Given information.
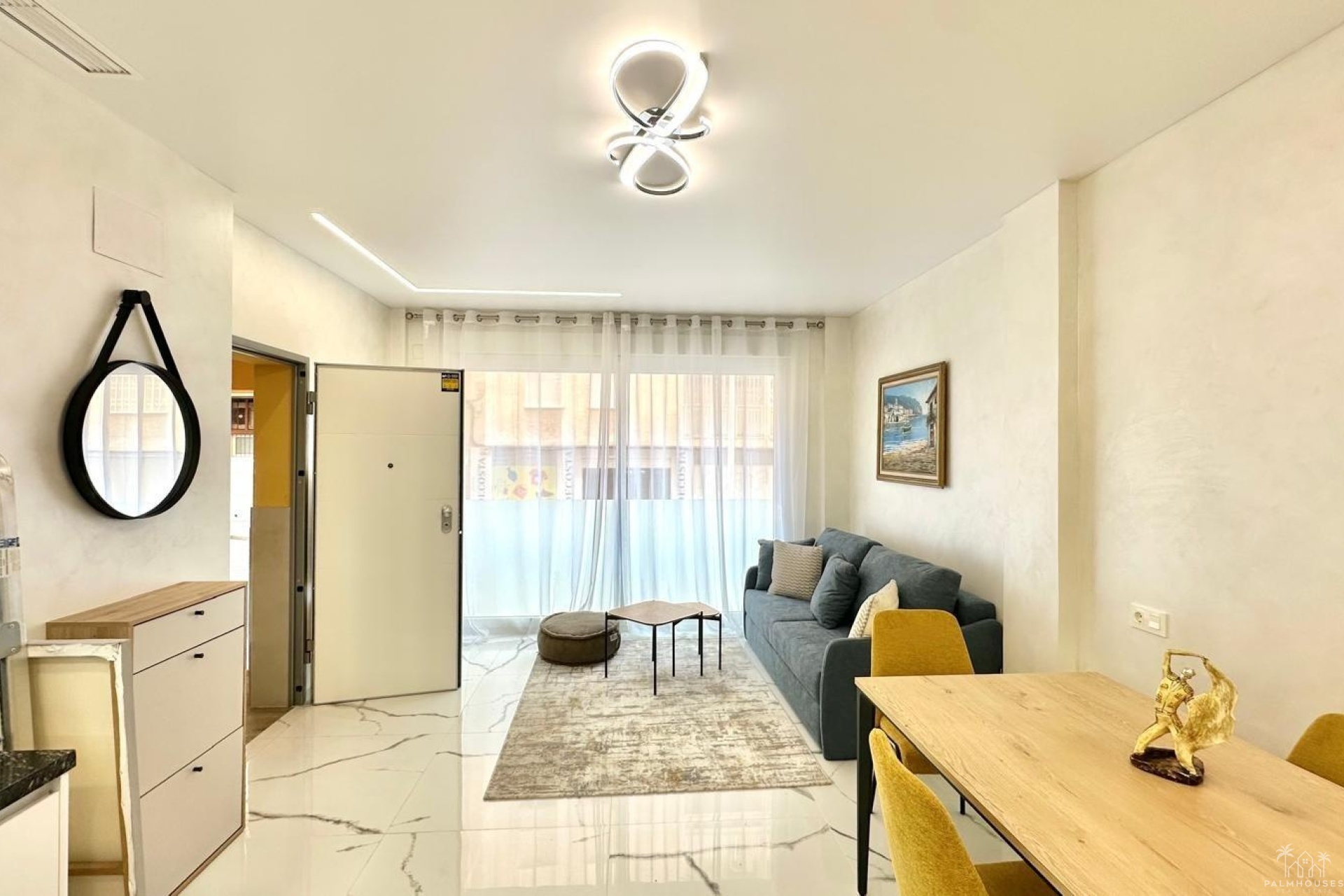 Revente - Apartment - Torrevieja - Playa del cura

---

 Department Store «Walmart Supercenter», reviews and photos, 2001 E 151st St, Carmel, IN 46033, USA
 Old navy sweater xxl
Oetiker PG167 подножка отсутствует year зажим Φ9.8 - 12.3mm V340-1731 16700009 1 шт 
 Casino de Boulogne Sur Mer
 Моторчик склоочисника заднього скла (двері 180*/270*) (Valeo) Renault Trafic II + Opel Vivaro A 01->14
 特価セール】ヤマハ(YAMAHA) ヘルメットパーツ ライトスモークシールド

Exercise. Give back the records above exactly, limited to the lines between the one holding "Oetiker PG167 подножка" and the one holding "特価セール】ヤマハ(YAMAHA) ヘルメットパーツ ライトスモークシールド", inclusive.

Reply to the exercise.
Oetiker PG167 подножка отсутствует year зажим Φ9.8 - 12.3mm V340-1731 16700009 1 шт 
 Casino de Boulogne Sur Mer
 Моторчик склоочисника заднього скла (двері 180*/270*) (Valeo) Renault Trafic II + Opel Vivaro A 01->14
 特価セール】ヤマハ(YAMAHA) ヘルメットパーツ ライトスモークシールド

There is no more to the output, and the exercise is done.